In order to understand this, we have to return to the insight that high-frequency
words (e.g. acceptable) are more likely to be stored as whole words in the mental lexicon
than are low-frequency words (e.g. actualizable). By definition, newly coined words have
not been used before, they are low frequency words and don’t have an entry in our
mental lexicon. But how can we understand these new words, if we don’t know them?
We can understand them in those cases where an available word-formation rule allows
us to decompose the word into its constituent morphemes and compute the meaning on
the basis of the meaning of the parts. The word-formation rule in the mental lexicon
guarantees that even complex words with extremely low frequency can be understood.
If, in contrast, words of a morphological category are all highly frequent, these words
will tend to be stored in the mental lexicon, and a word-formation pattern will be less
readily available for the perception and production of newly coined forms.

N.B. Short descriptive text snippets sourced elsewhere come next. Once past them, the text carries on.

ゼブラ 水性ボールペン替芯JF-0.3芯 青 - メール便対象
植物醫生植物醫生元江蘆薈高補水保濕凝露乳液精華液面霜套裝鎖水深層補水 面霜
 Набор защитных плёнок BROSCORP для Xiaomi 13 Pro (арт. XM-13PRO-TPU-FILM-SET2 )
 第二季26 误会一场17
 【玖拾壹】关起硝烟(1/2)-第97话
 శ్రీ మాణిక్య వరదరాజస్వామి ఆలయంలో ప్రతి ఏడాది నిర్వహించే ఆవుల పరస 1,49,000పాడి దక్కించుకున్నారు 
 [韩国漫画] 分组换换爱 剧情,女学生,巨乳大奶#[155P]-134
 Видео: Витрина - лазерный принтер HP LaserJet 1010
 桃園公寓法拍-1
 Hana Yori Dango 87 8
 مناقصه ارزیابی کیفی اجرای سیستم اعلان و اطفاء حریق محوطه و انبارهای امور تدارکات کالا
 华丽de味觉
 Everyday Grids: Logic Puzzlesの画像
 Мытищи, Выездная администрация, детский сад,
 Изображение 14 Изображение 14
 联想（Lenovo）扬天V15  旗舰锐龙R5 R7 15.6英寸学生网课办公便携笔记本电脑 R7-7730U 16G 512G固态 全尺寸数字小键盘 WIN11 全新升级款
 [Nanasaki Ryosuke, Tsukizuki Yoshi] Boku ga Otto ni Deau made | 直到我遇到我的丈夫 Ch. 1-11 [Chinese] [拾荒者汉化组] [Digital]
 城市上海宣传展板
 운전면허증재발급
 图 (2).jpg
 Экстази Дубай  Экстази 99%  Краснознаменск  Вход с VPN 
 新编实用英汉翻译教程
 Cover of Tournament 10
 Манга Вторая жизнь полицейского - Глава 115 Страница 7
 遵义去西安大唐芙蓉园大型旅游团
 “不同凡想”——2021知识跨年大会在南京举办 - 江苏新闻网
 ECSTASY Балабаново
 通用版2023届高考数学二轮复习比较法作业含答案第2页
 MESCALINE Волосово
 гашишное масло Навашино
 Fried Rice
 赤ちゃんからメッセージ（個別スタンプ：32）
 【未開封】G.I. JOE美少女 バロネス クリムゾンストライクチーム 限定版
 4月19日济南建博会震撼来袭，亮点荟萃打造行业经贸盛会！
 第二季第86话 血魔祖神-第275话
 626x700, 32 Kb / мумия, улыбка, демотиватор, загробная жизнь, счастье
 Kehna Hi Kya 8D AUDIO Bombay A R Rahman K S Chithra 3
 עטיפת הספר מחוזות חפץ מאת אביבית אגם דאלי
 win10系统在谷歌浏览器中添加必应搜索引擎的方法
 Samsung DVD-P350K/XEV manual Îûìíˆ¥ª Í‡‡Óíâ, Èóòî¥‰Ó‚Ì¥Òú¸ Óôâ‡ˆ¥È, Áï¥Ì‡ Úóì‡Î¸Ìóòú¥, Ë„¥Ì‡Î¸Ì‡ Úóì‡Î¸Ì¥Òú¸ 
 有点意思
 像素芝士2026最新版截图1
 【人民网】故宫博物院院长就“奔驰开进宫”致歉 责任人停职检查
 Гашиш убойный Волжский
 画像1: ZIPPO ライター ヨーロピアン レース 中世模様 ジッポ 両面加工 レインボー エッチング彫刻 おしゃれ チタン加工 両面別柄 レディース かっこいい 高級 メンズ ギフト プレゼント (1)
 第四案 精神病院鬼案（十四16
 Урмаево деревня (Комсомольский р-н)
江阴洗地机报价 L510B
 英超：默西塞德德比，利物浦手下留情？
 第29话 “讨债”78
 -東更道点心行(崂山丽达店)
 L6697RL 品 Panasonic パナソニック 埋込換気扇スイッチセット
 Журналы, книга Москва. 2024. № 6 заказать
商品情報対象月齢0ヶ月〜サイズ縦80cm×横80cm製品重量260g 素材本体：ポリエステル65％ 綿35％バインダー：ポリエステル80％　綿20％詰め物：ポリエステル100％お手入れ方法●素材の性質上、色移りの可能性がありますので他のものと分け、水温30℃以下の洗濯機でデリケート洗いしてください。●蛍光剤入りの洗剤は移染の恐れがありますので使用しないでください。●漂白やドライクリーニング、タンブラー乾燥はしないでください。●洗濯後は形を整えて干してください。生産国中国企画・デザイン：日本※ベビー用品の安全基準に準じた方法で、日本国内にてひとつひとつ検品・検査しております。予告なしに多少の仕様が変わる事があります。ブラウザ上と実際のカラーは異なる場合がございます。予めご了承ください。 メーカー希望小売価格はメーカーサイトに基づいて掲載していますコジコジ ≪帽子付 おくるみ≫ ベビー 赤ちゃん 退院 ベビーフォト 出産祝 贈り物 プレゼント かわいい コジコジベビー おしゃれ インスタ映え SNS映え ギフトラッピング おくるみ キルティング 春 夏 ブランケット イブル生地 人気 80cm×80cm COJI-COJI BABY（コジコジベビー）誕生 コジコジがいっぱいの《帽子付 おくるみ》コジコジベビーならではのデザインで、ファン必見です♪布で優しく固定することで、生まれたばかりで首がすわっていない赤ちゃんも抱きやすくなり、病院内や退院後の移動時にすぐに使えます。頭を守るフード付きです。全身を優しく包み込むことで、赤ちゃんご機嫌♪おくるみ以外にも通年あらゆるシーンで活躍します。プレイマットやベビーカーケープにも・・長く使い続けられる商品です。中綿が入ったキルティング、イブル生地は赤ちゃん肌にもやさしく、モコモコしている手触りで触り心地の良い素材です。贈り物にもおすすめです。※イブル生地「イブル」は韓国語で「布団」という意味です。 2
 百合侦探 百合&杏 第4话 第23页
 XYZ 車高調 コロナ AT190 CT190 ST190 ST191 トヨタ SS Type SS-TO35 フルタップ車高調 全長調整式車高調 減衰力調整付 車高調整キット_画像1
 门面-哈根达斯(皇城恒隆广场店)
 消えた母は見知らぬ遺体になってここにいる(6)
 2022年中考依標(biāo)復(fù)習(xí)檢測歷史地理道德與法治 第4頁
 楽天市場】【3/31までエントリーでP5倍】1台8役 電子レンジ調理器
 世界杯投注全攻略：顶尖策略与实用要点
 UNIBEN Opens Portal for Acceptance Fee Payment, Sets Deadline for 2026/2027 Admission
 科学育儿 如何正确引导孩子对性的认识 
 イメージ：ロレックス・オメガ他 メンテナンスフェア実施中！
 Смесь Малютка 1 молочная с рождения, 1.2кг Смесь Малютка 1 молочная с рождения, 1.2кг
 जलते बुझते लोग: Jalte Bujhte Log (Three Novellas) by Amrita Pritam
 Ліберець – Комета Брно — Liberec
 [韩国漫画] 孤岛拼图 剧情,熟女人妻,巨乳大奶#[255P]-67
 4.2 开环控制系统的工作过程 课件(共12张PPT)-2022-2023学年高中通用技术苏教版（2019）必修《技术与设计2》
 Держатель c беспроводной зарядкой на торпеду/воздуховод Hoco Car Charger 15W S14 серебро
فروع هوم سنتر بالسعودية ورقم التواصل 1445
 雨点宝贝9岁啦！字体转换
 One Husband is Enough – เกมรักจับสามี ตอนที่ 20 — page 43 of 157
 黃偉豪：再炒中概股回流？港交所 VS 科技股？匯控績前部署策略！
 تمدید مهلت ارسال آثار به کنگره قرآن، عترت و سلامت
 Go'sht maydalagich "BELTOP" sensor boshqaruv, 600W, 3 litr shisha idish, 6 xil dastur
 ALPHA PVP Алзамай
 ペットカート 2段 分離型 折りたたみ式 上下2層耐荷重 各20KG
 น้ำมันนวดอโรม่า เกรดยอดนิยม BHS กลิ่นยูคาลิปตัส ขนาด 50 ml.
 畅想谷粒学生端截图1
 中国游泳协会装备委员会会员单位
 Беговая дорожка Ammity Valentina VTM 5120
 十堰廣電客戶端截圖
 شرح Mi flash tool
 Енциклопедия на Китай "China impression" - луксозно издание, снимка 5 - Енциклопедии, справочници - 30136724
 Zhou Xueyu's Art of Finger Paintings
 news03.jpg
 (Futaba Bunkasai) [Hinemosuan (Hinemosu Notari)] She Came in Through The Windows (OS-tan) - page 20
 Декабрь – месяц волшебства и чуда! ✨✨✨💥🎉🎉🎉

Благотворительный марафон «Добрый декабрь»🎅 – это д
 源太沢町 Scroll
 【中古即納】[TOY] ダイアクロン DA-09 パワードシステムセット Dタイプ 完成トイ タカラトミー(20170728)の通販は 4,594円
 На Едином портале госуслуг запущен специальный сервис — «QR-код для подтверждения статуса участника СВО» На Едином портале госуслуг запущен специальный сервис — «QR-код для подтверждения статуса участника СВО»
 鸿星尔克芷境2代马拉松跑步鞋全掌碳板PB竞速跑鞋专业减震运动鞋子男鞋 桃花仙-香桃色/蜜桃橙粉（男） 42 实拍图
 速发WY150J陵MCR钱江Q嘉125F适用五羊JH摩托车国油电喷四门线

One other way of looking at this is the following. Each time a low frequency
complex word enters the processing system, this word will be decomposed, because
there is no whole word representation available. This decomposition will strengthen the
representation of the affix, which will in turn make the affix readily available for use
with other bases, which may lead to the coinage of new derivatives. If, however, only
high frequency complex words enter the system, there will be a strong tendency
towards whole word storage, and the affix will not so strongly be represented, and is
therefore not so readily available for new formations.
In sum, this means that unproductive morphological categories will be
characterized by a preponderance of words with rather high frequencies and by a small
Chapter 3: Productivity
67
number of words with low frequencies. With regard to productive processes, we expect
the opposite, namely large numbers of low frequency words and small numbers of high
frequency words.
Let us look at some examples to illustrate and better understand this rather
theoretical reasoning. We will concentrate on the items with the lowest possible
frequency, the so-called hapax legomena. Hapax legomena (or hapaxes for short) are
words that occur only once in a corpus. For example, absorbable and accruable from the
table in (2) above are hapaxes. The crucial point now is that, for the reasons explained in
the previous paragraph, the number of hapaxes of a given morphological category
should correlate with the number of neologisms of that category, so that the number of
hapaxes can be seen as an indicator of productivity. Note that it is not claimed that a
hapax legomenon is a neologism. A hapax legomenon is defined with respect to a given
corpus, and could therefore simply be a rare word of the language (instead of a newly
coined derivative) or some weird ad-hoc invention by an imaginative speaker, as
sometimes found in poetry or advertisement. The latter kinds of coinages are, however,
extremely rare and can be easily weeded out.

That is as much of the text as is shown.